Friday, March 11, 2011

Goldman warns of 'downside risk' to crop prices

by Agrimoney.com

Agricultural commodity prices face "downside risk" – for now - Goldman Sachs analysts warned, while Rabobank said record corn values could still be on the agenda, as analysts reacted to an end to ever-tighter forecasts for crop supplies.
Goldman Sachs urged investors to sell out – at a profit - of the cotton contract it recommended for purchase four months ago, having let a buy rating on Chicago corn for March lapse with the contract.
The shift reflected the "inventory stabilisation" evident in the US Department of Agriculture's influential monthly Wasde report into world crop dynamics, which ended a long run of declining forecasts for world  agricultural commodity stocks.
The USDA's unchanged estimate for US corn inventories at the close of 2011-12 followed nine successive months of downgrades.
 "We believe that this stabilisation will put a lid on crop prices in the near-term," Goldman analyst Damien Courvalin said.
"We actually see downside risk to crop prices in the near term," he added, singling out corn and cotton, for which a March plantings intentions report due at the end of the month is expected to show particular gains in US farmers' sowing plans.
'Supplies are not short'
The report also provoked a downbeat response from other observers, including AWB, the Australian grain handler, which said the data "provided further negative direction to markets", while Commerzbank said they showed that the "upside potential for wheat is largely exhausted".
At Commonwealth Bank of Australia, Luke Mathews said that a "sizeable" 4m-tonne upgrade to world wheat inventories had left the global stock-to-use ratio at 27.4%, showing that "old-crop wheat supplies are not short".
However, analysts stopped short of writing obituaries for the agricultural commodities rally, with Goldman Sachs warning that, overall, "average weather conditions in 2011 will not be sufficient to significantly rebuild critically low inventories, and will keep crop prices elevated".
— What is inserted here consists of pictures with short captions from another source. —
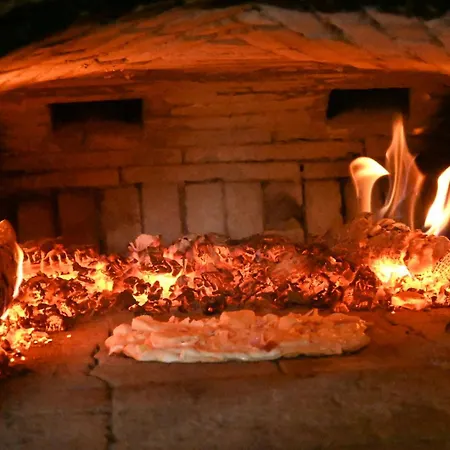 民宿 Les Hirondelles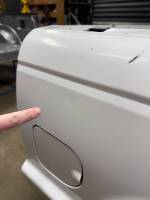 98-00 Mazda B Series White 6ft Truck Bed - Image 66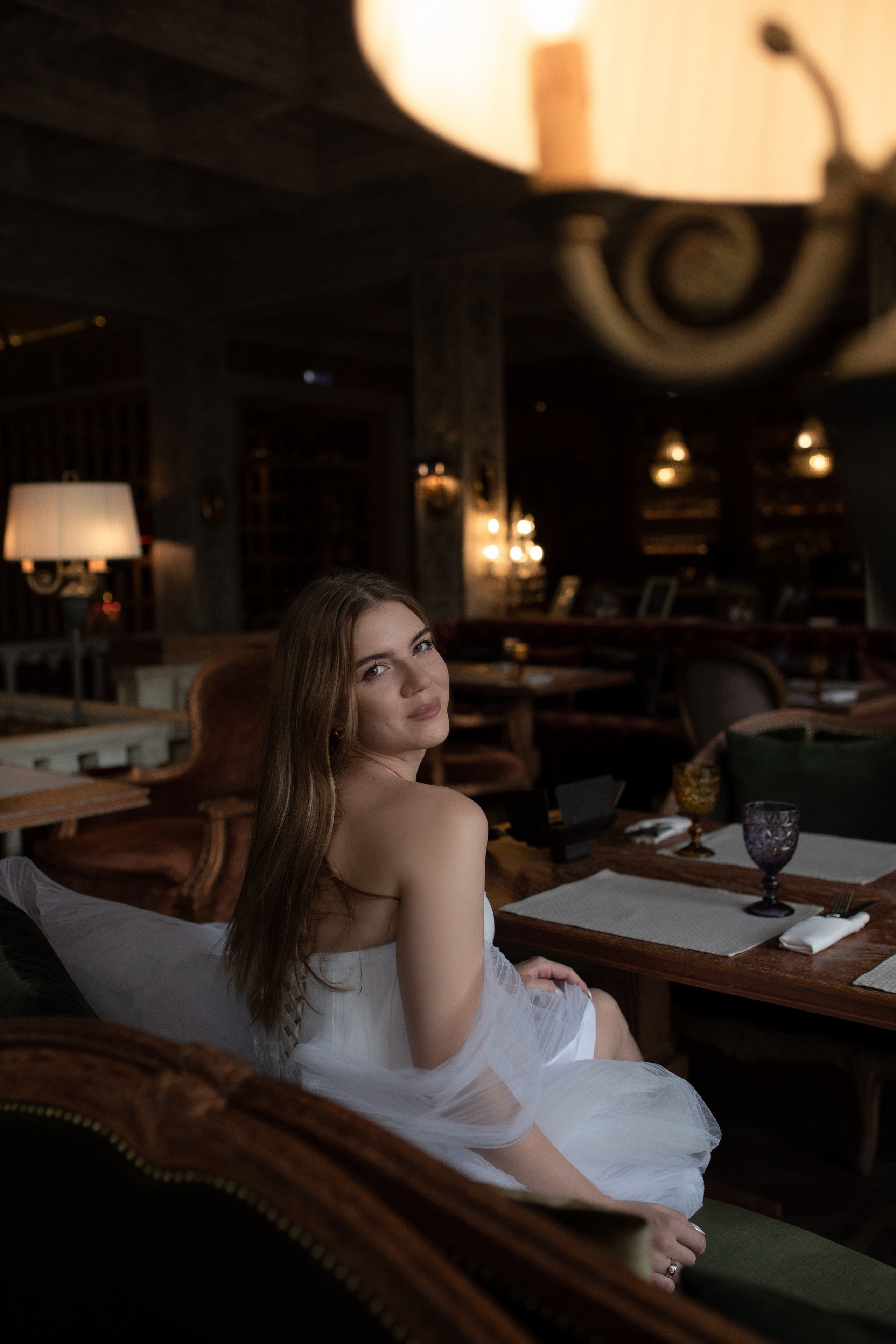 Глеб и Анастасия (для двоих). Свадебный фотограф Екатерина Черкасская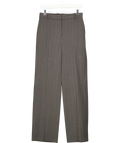 Babaton Grey Colour, size UK 6 — front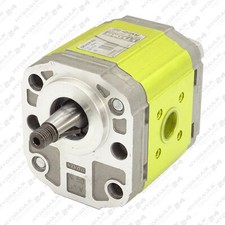 Pompe hydraulique 5ccm d'occasion  Expédié en France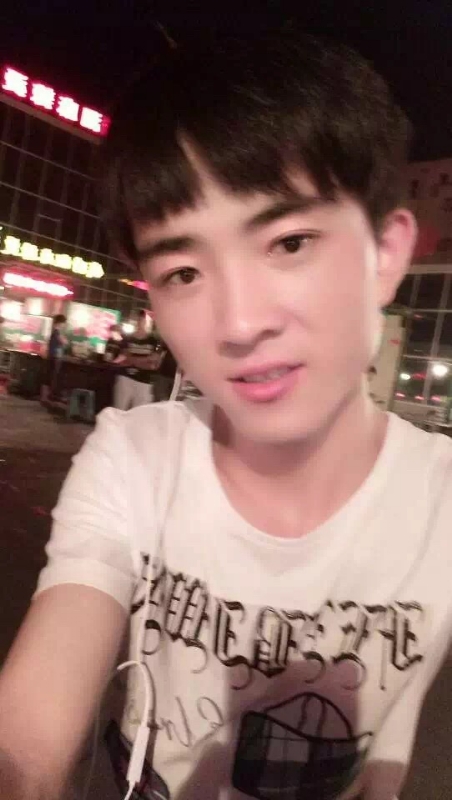 小先生的第一张照片--盐城相亲服务中心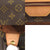 ルイ ヴィトン カバアルト モノグラム M51152 トートバッグ LV 0709【中古】LOUIS VUITTON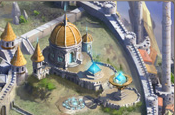 Academy (Low Level)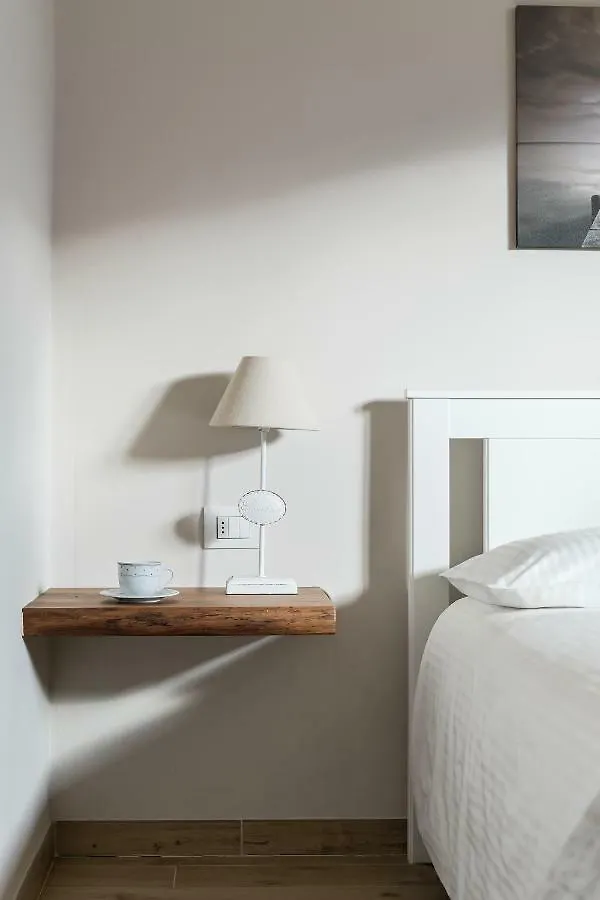 Mansarda I Cipressi Apartment Lenno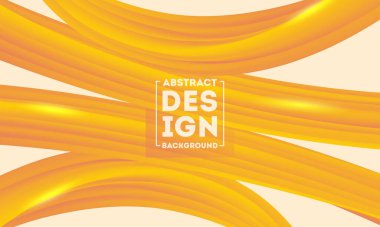 Gradyan örgü. 3D sıvı şekillerinin vektör zarifliği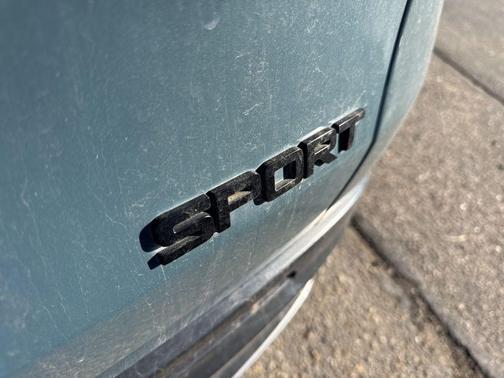 2023 Honda HR-V AWD Sport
"Any weather disappointment in either the planting or growing months in the northern hemisphere would likely push crop prices above their current highs," the bank said, maintaining a recommendation for investors to hang on to November soybean exposure.
"Strong competition from both the corn and cotton crops in the US will limit the expansion of soybean acreage."
$8 a bushel corn?
Commerzbank was upbeat over corn prices, saying that Thursday's fall of more 2% was an "exaggerated" reaction to the Wasde estimates.
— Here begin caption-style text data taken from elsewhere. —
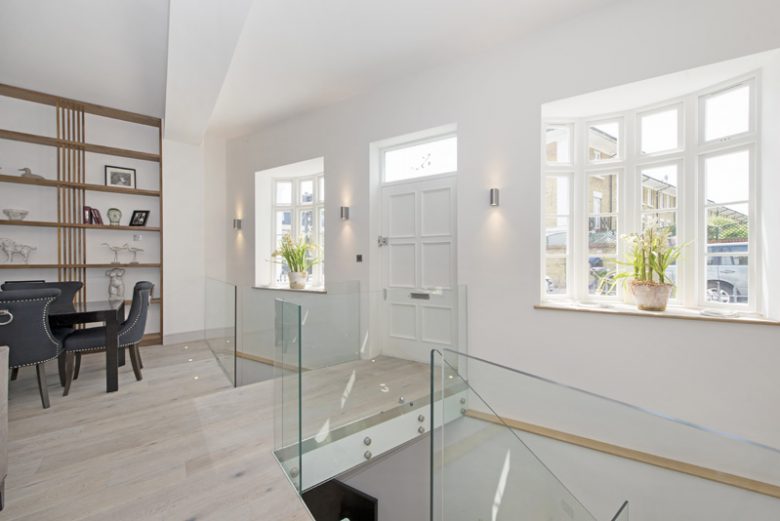 SOLD: ‘The Gasworks’, Waterford Road, Fulham
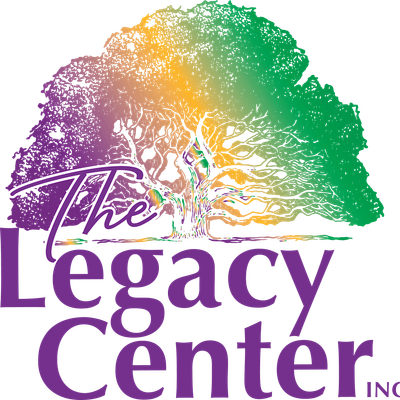 The Legacy Center Inc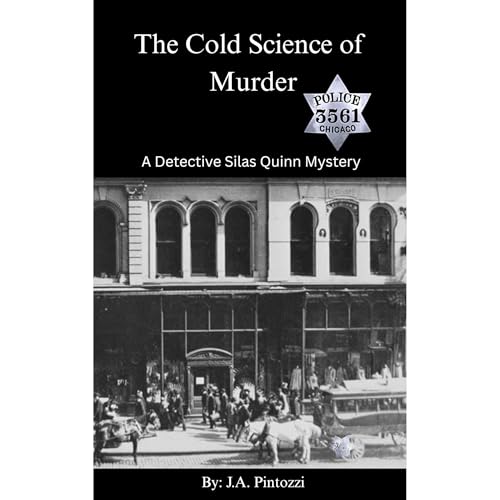 The Cold Science of Murder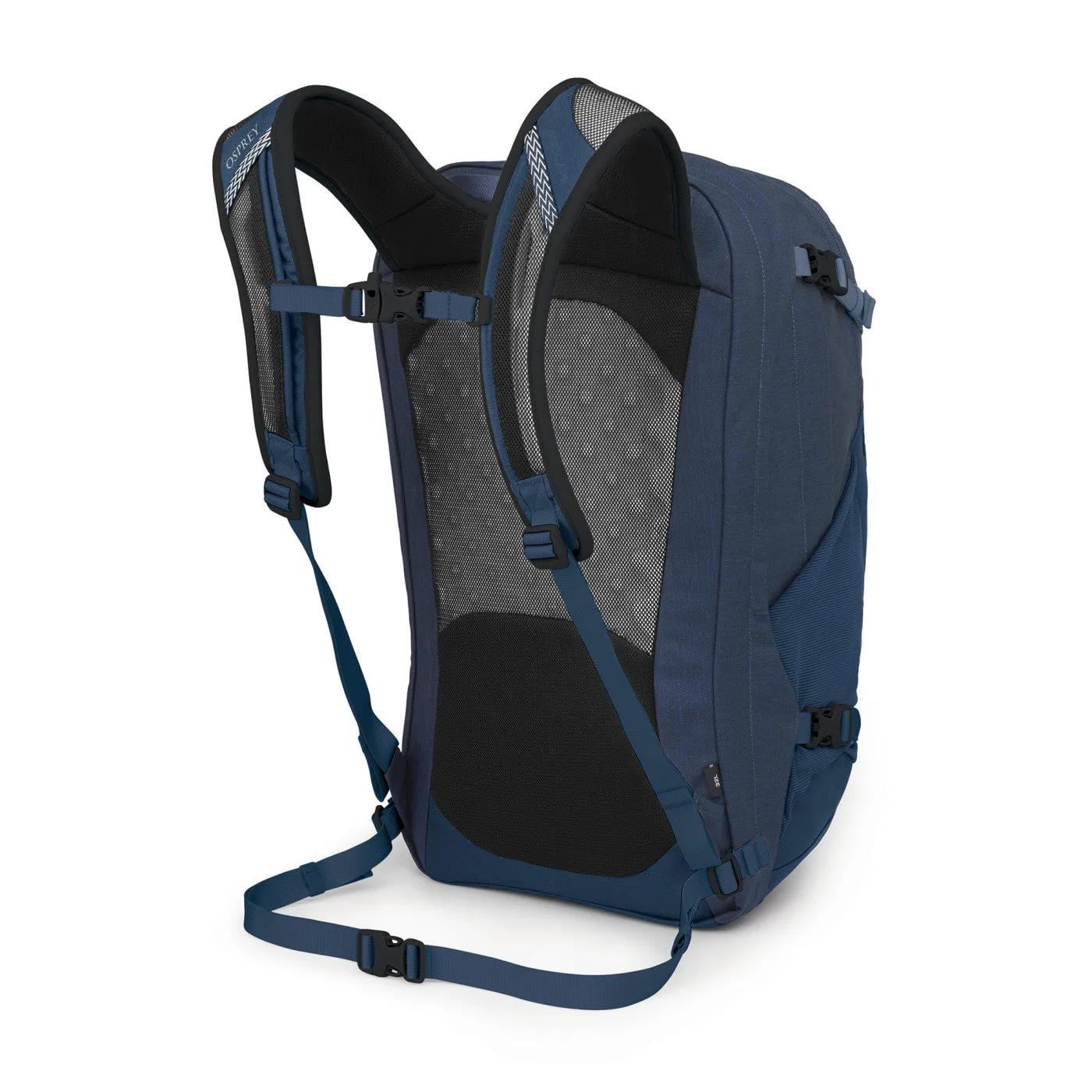 Osprey Nebula Customized Packs, Atlas Blue Heather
"At 17m tonnes, [US] corn inventories remain at a 15-year low," the bank said.
And Rabobank analysts pointed out the incentive for ethanol producers provided by high oil prices at a time of declining corn costs.
"The economics of blending ethanol have increased significantly, as ethanol prices have risen more than 5% year to date gasoline has increased more than 20%," the bank said.
"This gives a further incentive for ethanol production to persist above USDA's forecast.
"As gasoline prices approach $3 a gallon, we estimate corn must trade at $8 a bushel in order to reduce corn demand for ethanol."